21. DATA SHARING, PROCURING OBLIGATIONS AND DATA PROTECTION
(a) If Buyer is part of a buying group and/or acts through an agent, or if Buyer is the administrating entity of the buying group and/or agent as applicable, then unless Buyer expressly informs Moove otherwise, Buyer is deemed to expressly agree to the sharing of sales data of the buying group by Moove with its Affiliates.
(b) If Buyer is part of a buying group and/or acts through an agent, or if Buyer is the administrating entity of the buying group and/or agent as applicable in all cases and in addition to Buyer's liability under this Contract, Buyer shall and undertakes to procure that the individual members of the buying group or principals Buyer is acting for shall, in addition to Buyer, be liable for all payment and/or other contractual obligations to Moove.
(c) Moove will use any company or personal data it receives in connection with Buyer to create or update records held by Moove and any of its Affiliates.
22. ENTIRE AGREEMENT AND AMENDMENT
(a) This Contract constitutes the entire agreement among the parties to this Contract with respect to the subject matter covered herein.
(b) This Contract may only be modified by a written agreement executed by each of the parties to this Contract.
(c) If deliveries and performance of this Contract should commence prior to the signing of this Contract, Buyer shall be deemed to have accepted all deliveries subject expressly to the provisions of this Contract.
23. NOTICES AND OFFICIAL LANGUAGE
(a) Any notice to be given by either party under this Contract may be given by electronic mail or letter addressed and sent by post to or left at the other party’s registered address or their existing or last known place of business.
(b) The English language shall be the governing language of this Contract.
This Contract governs the relationship between the parties for the purchase and sale of Products and related services, if applicable.
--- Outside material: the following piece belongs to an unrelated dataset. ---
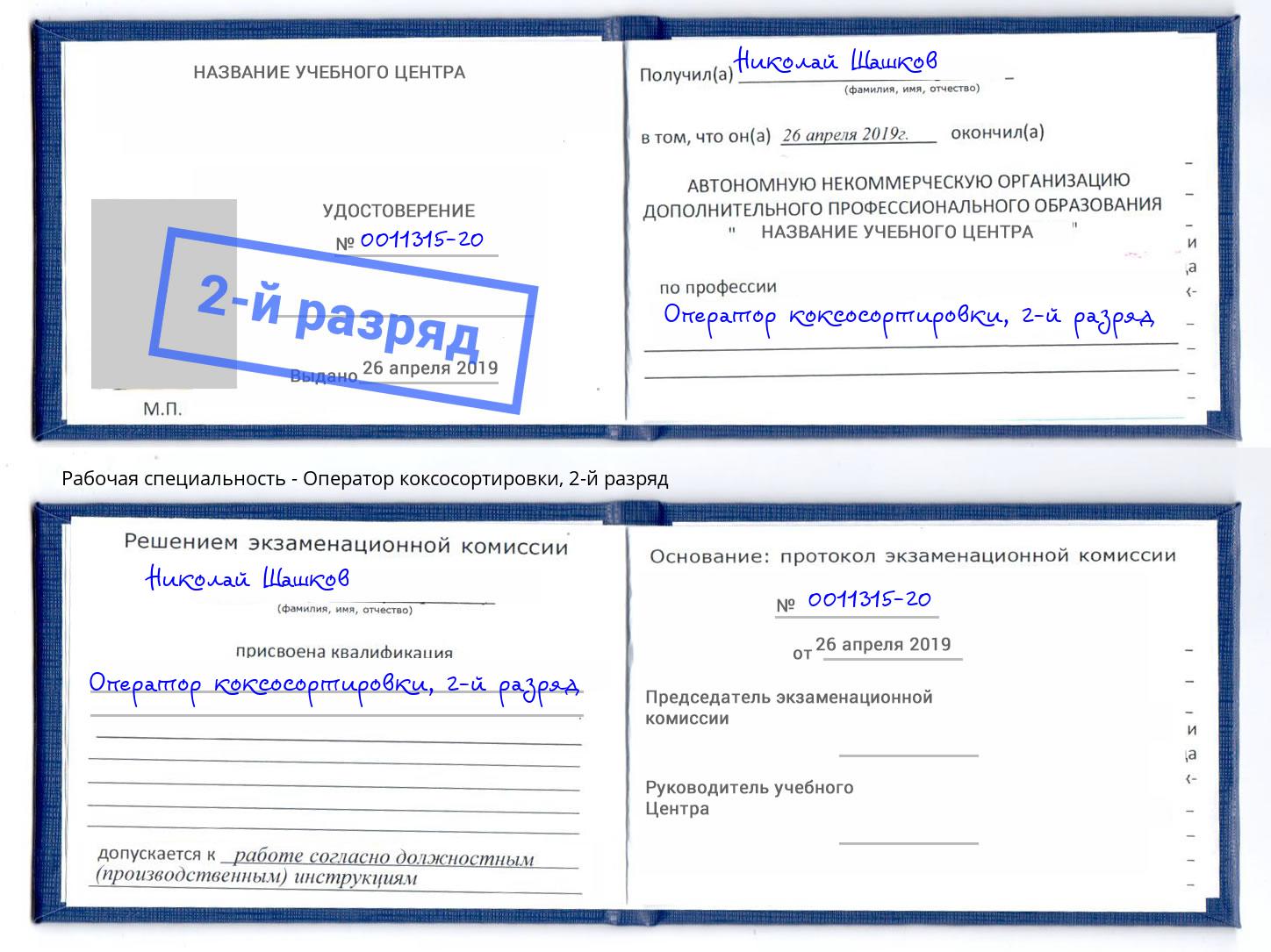 корочка 2-й разряд Оператор коксосортировки Вязьма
Moove and Buyer are separate business entities, and shall not be considered as partners, joint ventures, agents, servants, employees or fiduciaries of each other and neither shall have the power to bind or obligate the other, except as may be set forth in this Contract. This Contract shall not be construed in any way to deem Buyer as a franchisee of Moove for any purpose whatsoever.
This Contract may not be assigned (in whole or in part) by Buyer without the prior written consent of Moove. Moove may transfer its rights and obligations under this Contract to an Affiliate on giving written notice to Buyer.